Weather Training For Emergency Managers: A Perspective From The EM Community
1) Training overviews meteorological principles while typically glossing over knowledge and best practices that would be relevant to a wide range of emergency management roles leaving managers to self-learn how to interpret for operational decision making. 2) Hazard specific training is targeted for only a few types of weather events leaving gaps of practical knowledge about other hazards needing to planned for and responded to. Many managers believe that more emergency managers should be trained in weather and the potential diversity of impacts. 3) Training often is overwhelming with meteorological depth and jargon resulting in the perception of low relevance and low retention. 4) Emergency managers believe they are not trained to adequately interpret and combine meteorological products in order to make operational decisions. Subsequently, they may have lower skill or confidence in their ability to interpret and convey weather information to others than could be maintained. 5) Training does not familiarize emergency managers adequately with the specialized language used by weather services decreasing message comprehension and application to decision making. The retention of the jargon is low and is the main complaint of emergency managers. 6) Emergency managers frequently request training for greater depth in meteorology but do so assuming it is the only way to fully comprehend the relevance of information they are provided. Their expressed desire, in contrast, is to have more direct, relevant, and simpler to comprehend information that can be passed along to an array of decision makers in their chain of command. 7) Emergency managers prefer training to be conducted with the partners they will collaborate with during real emergency events as a team building, trust building, and communication channel building experience. 8) There are serious logistical challenges for emergency managers to obtain current training including availability, getting time off, and costs. Suggested preferred modes and content of training will be presented.

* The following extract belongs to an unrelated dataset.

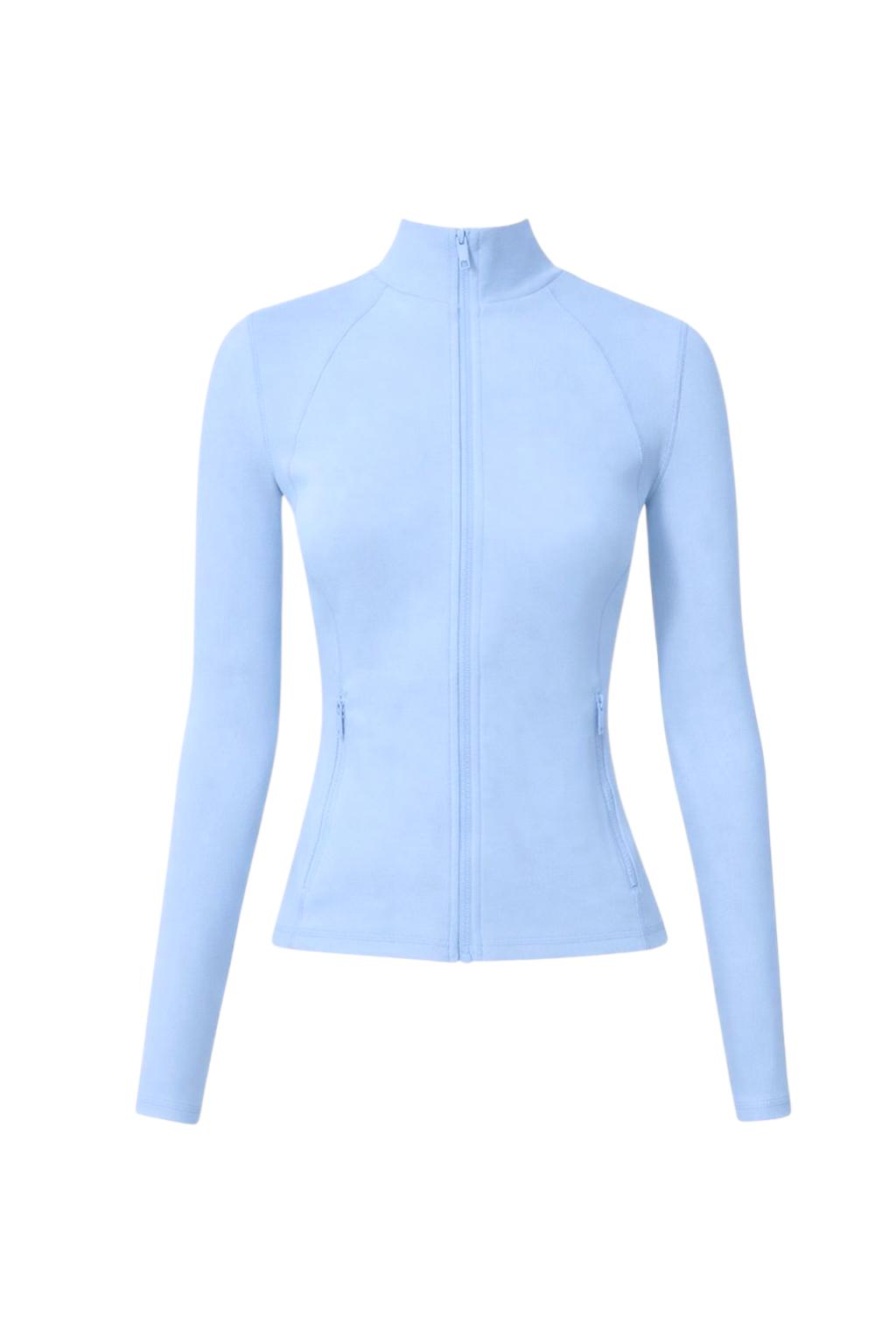 Ice Blue Fermuarlı Hırka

These topics among other findings will be presented. The emergency management community has provided important insights that link vital training needs to operational needs. Further, the survey results show that available weather training is not fulfilling these needs. The gaps result in potential misinterpretations and passing along of wrong information, a reduction in confidence in decision making, heavy reliance on self-learning, and lowering of priority to obtain training. Recommendations by emergency managers for improving training will be presented.